この広場は、「コフフン」と呼ばれ、JR天理駅の目の前に広がる7000平方メートルを越える敷地に5年前オープンしました。それまではただ広い空間があるだけでしたが、芝生と円形の凹凸で作られた独特の建築物がある空間に変貌したのです。
白い建築物は主に4つあり、▲内側で子どもが渦巻き状の壁を走って遊べる施設や、▲内側で子どもがトランポリンのように跳ねて遊べる施設、▲階段の底でコンサートなどのイベントが開ける施設、そして▲中が飲食店などになっている屋根付きの施設です。
これらの建築物は、天理市に1600以上ある古墳をイメージして著名なデザイナー佐藤オオキ氏が考え出しました。天理市の歴史文化を踏まえて統一感がある遊び心あふれるデザインはまさに圧巻です。
駅前広場の開発は、閑散としていた駅前を賑わいのあり、子どもたちが遊べ、市民が活動を発表できる場所に変えるため計画されました。また近くにある商店街の活性化につなげる狙いもあります。
計画は土地をもつ天理市とJR、近鉄のほか、地元経済界や市民団体でつくる街づくり協議会で話し合われた上で、公募で選ばれた佐藤氏の案で進みました。そして木々を植えたり、バリアフリー化や授乳室を設けるなど市民の意見を取り入れながら合意形成を図ったということです。

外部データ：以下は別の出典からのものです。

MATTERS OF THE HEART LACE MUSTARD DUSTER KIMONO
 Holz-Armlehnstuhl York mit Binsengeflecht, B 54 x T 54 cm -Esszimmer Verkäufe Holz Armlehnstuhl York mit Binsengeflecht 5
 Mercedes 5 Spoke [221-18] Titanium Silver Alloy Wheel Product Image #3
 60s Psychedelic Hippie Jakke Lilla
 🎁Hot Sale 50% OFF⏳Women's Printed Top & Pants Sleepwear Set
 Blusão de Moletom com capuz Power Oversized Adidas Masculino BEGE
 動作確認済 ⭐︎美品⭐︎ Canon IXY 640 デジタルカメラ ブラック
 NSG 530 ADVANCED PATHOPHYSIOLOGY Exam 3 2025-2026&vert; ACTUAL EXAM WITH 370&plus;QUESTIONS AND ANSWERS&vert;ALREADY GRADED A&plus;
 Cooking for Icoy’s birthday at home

総事業費は13億円になりましたが、例えばイベントの年間開催数はオープン当時の275件から、コロナ危機直前は530件に増えるなどまちの中心的な場所になりつつあります。この日も子どもたちが当たり前のように広場で遊んでいました。
わたしは藤沢駅南口にある空間を大規模な公園広場に変えたいと訴えています。車が優先される駅前から、人が優先される駅前へ変わるときです。駅前こそまちの玄関であり、顔です。駅前がどういう駅前かでそのまちが大事にしている価値観がわかると思います。天理市は歴史文化を大事にする価値観を斬新なデザインで見事に表現していると感じました。
実はわたし個人は、6年前、藤沢駅前広場の参考にするため、天理市を視察しています。そのときはまだ現場は建設工事中で、「コフフン」の全貌はまだ見れませんでした。しかし天理市の説明を受けて想像が広がりました。今回、出来上がった広場を見ることができて感無量の気持ちでした。藤沢市もこれ位、志が高く、大胆な構想力が必要だと実感しました。
視察に際し、天理市議会事務局および天理市市長公室のみなさまに改めてお礼申し上げます。